Building the Kitchen Around the Tools
Whether it’s debugging or tequila, the truth remains the same:
One shot is never enough.
Working with these models has made that even clearer. The more time I spend pairing with them instead of coding solo, the more I realize I need a real workflow—something that lets me move quickly without losing track of the details.
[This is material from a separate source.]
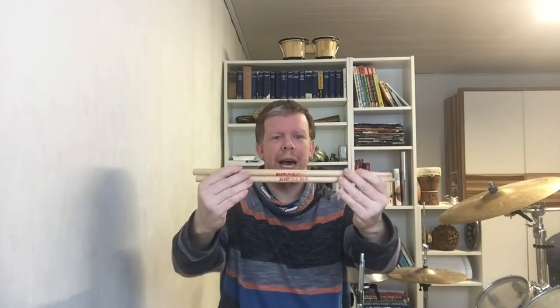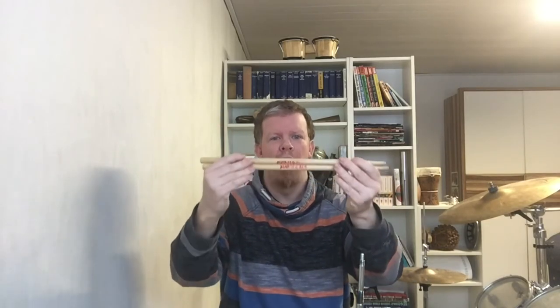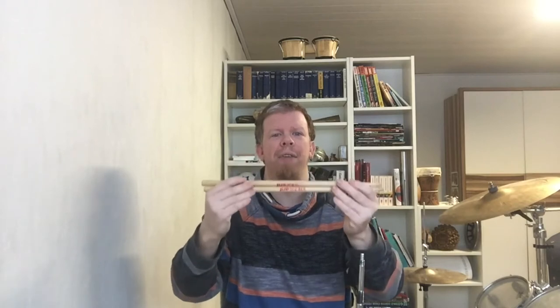What's up everybody? Welcome to the review of my Wincent 7A drumsticks.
The MCP filesystem example from the previous post gave me a clean foundation to explore how these models perform across a real system. In that post, I talked about giving the models a structured menu of tools. This workflow is the next step. It turns out, the tools alone aren’t enough if there isn’t a process for turning decisions into consistent results. What I needed was a system that didn’t just expose capabilities but also shaped how those capabilities are used across the entire project.
Here’s the four-step framework I’ve landed on so far. I’m still adjusting things as I go, learning what works, and changing how I work with each model as they evolve and add capabilities.
From Prompt to Plate
Shape the product
For the first pass I use ChatGTP o3 and Gemini 2.5 Pro. They’re both strong at exploring product goals, clarifying vague ideas, and identifying edge cases early. I use a prompt template to frame the problem and see what assumptions fall out. When one model raises a question, I’ll ask the other what it thinks. It’s like pair programming with two interns who love to argue.
Break it into features
Once I understand the problem space, I work with the same models to turn my big idea into discrete, shippable units. Think of this like breaking JIRA epics into manageable chunks of work. Pro-tip: explicitly ask the models about any implicit assumptions or dependencies being built into these tasks.
Build each feature and its tests
Claude 3.7 or SWE-1 (via Windsurf) handles the first pass directly in the IDE. Once the feature is done, I’ll have it also generate the tests for what it just built. That’s an easy way to surface any quiet assumptions it made along the way.
Pressure test the results
After the code is working, I’ll bring in a second model, usually Claude or Gemini, to review or refactor any quirky bits. Each model has its own opinion about what “good” looks like, and they don’t always agree. When one complains about the other’s code, that’s usually where something interesting is hiding.
Call It a Soft Opening
Every time I write about AI dev tools, I end up circling the same three ideas:
Don’t trust them
But wow, look what they can do
Seriously, don’t trust them
All of that is still true. But here’s what’s also true: I haven’t felt this creatively energized as a developer in years.
In my first post, I wrote about giving models access to real tools. What happens when you hand them a proper menu? In the second, I showed how I wired up Claude to my filesystem to start testing that idea in the wild. This post is about what’s happened since then, and how I’ve started building systems around the tools instead of just tossing prompts into them.
They don’t replace judgment. They don’t remember why a decision made sense three features ago. But they remove just enough friction to help you stop thinking like a technician and start thinking like a builder.
This isn’t a polished process. I’m still figuring it out, one messy commit at a time. But each project makes the next one easier. And with every mistake, I get a little closer to the kind of system I want to run, and the kind of chef I want to become.